**Your goal:** Retype, word for word, every line of the records below starting at the one that contains "it luggage Precursor" and ending at the one that contains "2000 Pokemon Team"; include both of those lines and nothing more.

Listed records START

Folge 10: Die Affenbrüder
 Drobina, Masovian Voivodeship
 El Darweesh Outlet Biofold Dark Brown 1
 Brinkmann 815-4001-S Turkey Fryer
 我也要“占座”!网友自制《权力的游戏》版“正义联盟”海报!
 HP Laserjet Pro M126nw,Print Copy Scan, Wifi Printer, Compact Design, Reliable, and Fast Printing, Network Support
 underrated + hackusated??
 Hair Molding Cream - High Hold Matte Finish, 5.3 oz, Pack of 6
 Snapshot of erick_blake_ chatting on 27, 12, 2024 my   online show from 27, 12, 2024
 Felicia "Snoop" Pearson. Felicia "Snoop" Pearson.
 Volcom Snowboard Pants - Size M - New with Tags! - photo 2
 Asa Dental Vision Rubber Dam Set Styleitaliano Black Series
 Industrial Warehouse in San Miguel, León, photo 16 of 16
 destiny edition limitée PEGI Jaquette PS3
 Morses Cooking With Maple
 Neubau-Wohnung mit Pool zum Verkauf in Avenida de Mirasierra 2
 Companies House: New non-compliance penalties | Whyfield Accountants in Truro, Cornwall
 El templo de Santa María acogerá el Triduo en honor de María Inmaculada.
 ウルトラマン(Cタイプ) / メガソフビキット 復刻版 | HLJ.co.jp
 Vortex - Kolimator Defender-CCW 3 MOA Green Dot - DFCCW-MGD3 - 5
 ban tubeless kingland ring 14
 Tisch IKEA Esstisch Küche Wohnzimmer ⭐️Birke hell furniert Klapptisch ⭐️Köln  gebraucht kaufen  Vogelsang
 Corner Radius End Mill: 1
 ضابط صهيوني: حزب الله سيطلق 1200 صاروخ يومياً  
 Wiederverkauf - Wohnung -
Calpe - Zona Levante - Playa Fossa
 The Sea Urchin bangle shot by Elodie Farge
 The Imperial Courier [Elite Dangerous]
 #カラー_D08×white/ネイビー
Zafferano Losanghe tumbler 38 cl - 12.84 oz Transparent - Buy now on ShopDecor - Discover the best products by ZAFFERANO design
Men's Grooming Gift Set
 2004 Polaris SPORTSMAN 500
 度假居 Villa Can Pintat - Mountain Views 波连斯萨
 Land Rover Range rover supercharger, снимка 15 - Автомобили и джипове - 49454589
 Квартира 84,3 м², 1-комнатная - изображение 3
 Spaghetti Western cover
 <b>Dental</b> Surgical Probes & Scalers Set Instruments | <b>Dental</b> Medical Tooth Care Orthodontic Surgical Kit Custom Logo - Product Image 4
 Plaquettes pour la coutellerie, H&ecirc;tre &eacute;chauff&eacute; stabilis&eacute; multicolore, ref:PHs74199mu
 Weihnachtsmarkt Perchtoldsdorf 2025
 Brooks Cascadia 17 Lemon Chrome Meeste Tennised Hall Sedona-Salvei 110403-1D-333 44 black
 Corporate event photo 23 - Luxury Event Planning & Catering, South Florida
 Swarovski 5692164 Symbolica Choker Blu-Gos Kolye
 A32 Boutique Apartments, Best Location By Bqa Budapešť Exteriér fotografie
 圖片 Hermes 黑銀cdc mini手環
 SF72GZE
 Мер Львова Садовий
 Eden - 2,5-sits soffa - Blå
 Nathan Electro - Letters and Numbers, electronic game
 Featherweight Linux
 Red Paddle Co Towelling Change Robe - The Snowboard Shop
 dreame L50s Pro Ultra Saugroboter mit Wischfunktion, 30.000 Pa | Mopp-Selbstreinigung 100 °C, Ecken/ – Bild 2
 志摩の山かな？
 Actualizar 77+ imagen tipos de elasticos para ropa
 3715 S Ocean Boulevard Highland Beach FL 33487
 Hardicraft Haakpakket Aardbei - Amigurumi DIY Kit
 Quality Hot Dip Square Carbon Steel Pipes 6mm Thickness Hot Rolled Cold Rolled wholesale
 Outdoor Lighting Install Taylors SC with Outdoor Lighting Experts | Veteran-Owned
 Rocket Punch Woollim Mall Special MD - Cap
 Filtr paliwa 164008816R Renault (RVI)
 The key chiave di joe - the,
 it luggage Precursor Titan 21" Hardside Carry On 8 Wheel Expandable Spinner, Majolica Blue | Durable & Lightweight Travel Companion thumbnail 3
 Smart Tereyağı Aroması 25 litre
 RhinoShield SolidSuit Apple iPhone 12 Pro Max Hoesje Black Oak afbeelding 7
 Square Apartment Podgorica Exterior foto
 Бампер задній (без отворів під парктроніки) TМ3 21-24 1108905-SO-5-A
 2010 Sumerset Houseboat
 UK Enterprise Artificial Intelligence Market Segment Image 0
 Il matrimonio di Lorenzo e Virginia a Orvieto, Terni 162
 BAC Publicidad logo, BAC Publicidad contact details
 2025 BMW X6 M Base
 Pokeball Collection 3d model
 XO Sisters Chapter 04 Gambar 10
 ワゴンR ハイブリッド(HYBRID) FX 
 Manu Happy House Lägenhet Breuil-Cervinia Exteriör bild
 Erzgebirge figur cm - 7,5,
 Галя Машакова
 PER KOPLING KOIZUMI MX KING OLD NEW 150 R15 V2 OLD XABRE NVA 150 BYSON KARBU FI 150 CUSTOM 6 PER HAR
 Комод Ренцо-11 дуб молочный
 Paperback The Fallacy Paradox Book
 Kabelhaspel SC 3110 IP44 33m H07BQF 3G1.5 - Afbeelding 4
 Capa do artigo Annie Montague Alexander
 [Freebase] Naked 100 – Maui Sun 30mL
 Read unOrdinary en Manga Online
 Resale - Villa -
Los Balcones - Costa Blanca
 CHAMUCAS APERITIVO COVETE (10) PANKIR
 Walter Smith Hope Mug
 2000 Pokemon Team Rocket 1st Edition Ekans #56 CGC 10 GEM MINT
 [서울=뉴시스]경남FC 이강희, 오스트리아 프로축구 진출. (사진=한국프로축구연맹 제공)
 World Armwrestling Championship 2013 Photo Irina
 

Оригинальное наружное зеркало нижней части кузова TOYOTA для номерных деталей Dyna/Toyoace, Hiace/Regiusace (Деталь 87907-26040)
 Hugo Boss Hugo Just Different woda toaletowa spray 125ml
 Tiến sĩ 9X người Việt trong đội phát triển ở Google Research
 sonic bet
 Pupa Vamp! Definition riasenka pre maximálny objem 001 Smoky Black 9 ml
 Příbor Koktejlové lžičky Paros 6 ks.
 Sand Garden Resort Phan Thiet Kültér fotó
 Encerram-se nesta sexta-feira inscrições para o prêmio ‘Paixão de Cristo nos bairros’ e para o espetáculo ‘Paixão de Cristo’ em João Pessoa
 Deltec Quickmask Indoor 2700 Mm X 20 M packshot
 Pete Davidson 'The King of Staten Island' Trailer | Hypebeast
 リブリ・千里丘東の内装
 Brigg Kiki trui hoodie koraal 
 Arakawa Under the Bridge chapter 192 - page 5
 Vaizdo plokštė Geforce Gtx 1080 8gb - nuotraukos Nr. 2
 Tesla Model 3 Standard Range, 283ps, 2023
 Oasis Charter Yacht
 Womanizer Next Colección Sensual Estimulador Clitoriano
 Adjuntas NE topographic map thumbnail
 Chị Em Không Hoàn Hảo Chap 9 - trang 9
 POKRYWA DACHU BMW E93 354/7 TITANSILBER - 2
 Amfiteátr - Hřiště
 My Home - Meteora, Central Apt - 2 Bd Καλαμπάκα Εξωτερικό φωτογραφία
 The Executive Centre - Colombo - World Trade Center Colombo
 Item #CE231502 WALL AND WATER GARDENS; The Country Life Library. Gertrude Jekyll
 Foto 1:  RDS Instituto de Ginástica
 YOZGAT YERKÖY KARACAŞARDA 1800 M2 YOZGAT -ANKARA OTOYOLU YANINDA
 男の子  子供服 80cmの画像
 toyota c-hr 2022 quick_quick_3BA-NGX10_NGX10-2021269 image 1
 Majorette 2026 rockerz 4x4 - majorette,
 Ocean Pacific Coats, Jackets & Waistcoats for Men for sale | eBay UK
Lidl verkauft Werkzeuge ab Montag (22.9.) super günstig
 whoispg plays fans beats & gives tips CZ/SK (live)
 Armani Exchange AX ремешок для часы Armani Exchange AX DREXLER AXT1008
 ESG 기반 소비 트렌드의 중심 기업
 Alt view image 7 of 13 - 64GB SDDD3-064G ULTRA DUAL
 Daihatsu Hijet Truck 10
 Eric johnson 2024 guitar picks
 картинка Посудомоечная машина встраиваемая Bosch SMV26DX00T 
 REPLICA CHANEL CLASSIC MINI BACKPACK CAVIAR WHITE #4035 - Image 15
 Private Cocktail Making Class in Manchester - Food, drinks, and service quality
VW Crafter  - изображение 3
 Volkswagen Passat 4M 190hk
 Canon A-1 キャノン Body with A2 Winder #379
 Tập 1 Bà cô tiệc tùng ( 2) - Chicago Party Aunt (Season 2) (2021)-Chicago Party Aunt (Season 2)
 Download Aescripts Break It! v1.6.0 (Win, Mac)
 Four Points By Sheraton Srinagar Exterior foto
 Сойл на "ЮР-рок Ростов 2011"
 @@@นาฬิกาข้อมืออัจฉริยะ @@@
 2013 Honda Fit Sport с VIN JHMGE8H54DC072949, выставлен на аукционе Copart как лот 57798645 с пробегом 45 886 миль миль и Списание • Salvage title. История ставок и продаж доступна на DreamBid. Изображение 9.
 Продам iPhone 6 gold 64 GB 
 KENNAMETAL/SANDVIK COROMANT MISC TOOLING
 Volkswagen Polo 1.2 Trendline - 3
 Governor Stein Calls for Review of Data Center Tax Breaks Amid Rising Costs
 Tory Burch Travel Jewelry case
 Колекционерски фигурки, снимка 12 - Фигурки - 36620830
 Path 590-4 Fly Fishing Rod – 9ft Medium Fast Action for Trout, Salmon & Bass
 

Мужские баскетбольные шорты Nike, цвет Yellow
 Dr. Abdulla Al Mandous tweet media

Listed records END

**Written reply:**
 it luggage Precursor Titan 21" Hardside Carry On 8 Wheel Expandable Spinner, Majolica Blue | Durable & Lightweight Travel Companion thumbnail 3
 Smart Tereyağı Aroması 25 litre
 RhinoShield SolidSuit Apple iPhone 12 Pro Max Hoesje Black Oak afbeelding 7
 Square Apartment Podgorica Exterior foto
 Бампер задній (без отворів під парктроніки) TМ3 21-24 1108905-SO-5-A
 2010 Sumerset Houseboat
 UK Enterprise Artificial Intelligence Market Segment Image 0
 Il matrimonio di Lorenzo e Virginia a Orvieto, Terni 162
 BAC Publicidad logo, BAC Publicidad contact details
 2025 BMW X6 M Base
 Pokeball Collection 3d model
 XO Sisters Chapter 04 Gambar 10
 ワゴンR ハイブリッド(HYBRID) FX 
 Manu Happy House Lägenhet Breuil-Cervinia Exteriör bild
 Erzgebirge figur cm - 7,5,
 Галя Машакова
 PER KOPLING KOIZUMI MX KING OLD NEW 150 R15 V2 OLD XABRE NVA 150 BYSON KARBU FI 150 CUSTOM 6 PER HAR
 Комод Ренцо-11 дуб молочный
 Paperback The Fallacy Paradox Book
 Kabelhaspel SC 3110 IP44 33m H07BQF 3G1.5 - Afbeelding 4
 Capa do artigo Annie Montague Alexander
 [Freebase] Naked 100 – Maui Sun 30mL
 Read unOrdinary en Manga Online
 Resale - Villa -
Los Balcones - Costa Blanca
 CHAMUCAS APERITIVO COVETE (10) PANKIR
 Walter Smith Hope Mug
 2000 Pokemon Team Rocket 1st Edition Ekans #56 CGC 10 GEM MINT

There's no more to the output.